• WORK REQUEST
Copy the records below in full, changing no character.

• EXERCISE DATA
▶
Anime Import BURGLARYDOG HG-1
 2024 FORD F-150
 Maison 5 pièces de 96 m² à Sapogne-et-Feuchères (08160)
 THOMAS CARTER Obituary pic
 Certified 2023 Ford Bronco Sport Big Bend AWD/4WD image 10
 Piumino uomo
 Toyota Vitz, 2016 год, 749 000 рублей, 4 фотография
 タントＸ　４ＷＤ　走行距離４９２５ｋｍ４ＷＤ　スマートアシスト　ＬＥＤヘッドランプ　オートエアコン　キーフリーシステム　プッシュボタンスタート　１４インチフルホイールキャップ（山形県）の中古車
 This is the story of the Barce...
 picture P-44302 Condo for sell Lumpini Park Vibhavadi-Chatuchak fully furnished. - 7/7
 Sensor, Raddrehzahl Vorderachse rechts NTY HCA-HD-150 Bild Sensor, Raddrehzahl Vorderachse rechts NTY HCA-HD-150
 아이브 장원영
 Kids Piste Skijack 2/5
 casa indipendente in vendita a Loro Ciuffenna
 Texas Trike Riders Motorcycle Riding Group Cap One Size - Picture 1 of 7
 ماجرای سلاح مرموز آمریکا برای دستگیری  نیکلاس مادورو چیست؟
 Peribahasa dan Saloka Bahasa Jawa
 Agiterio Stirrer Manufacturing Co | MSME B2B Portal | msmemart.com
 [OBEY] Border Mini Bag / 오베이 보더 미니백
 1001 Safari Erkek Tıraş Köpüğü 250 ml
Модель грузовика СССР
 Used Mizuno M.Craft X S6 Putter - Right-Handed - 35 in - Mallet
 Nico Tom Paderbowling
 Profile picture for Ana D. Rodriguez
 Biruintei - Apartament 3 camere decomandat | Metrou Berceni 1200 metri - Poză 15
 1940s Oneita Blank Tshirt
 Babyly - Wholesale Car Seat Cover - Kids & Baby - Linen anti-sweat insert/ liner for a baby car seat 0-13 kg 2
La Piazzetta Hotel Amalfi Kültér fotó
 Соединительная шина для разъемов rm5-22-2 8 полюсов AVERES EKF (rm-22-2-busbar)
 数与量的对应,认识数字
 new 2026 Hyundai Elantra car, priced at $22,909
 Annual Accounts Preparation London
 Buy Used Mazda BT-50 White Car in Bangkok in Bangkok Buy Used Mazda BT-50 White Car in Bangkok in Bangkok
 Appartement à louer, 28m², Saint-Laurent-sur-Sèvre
◀
• EXERCISE ANSWER
Anime Import BURGLARYDOG HG-1
 2024 FORD F-150
 Maison 5 pièces de 96 m² à Sapogne-et-Feuchères (08160)
 THOMAS CARTER Obituary pic
 Certified 2023 Ford Bronco Sport Big Bend AWD/4WD image 10
 Piumino uomo
 Toyota Vitz, 2016 год, 749 000 рублей, 4 фотография
 タントＸ　４ＷＤ　走行距離４９２５ｋｍ４ＷＤ　スマートアシスト　ＬＥＤヘッドランプ　オートエアコン　キーフリーシステム　プッシュボタンスタート　１４インチフルホイールキャップ（山形県）の中古車
 This is the story of the Barce...
 picture P-44302 Condo for sell Lumpini Park Vibhavadi-Chatuchak fully furnished. - 7/7
 Sensor, Raddrehzahl Vorderachse rechts NTY HCA-HD-150 Bild Sensor, Raddrehzahl Vorderachse rechts NTY HCA-HD-150
 아이브 장원영
 Kids Piste Skijack 2/5
 casa indipendente in vendita a Loro Ciuffenna
 Texas Trike Riders Motorcycle Riding Group Cap One Size - Picture 1 of 7
 ماجرای سلاح مرموز آمریکا برای دستگیری  نیکلاس مادورو چیست؟
 Peribahasa dan Saloka Bahasa Jawa
 Agiterio Stirrer Manufacturing Co | MSME B2B Portal | msmemart.com
 [OBEY] Border Mini Bag / 오베이 보더 미니백
 1001 Safari Erkek Tıraş Köpüğü 250 ml
Модель грузовика СССР
 Used Mizuno M.Craft X S6 Putter - Right-Handed - 35 in - Mallet
 Nico Tom Paderbowling
 Profile picture for Ana D. Rodriguez
 Biruintei - Apartament 3 camere decomandat | Metrou Berceni 1200 metri - Poză 15
 1940s Oneita Blank Tshirt
 Babyly - Wholesale Car Seat Cover - Kids & Baby - Linen anti-sweat insert/ liner for a baby car seat 0-13 kg 2
La Piazzetta Hotel Amalfi Kültér fotó
 Соединительная шина для разъемов rm5-22-2 8 полюсов AVERES EKF (rm-22-2-busbar)
 数与量的对应,认识数字
 new 2026 Hyundai Elantra car, priced at $22,909
 Annual Accounts Preparation London
 Buy Used Mazda BT-50 White Car in Bangkok in Bangkok Buy Used Mazda BT-50 White Car in Bangkok in Bangkok
 Appartement à louer, 28m², Saint-Laurent-sur-Sèvre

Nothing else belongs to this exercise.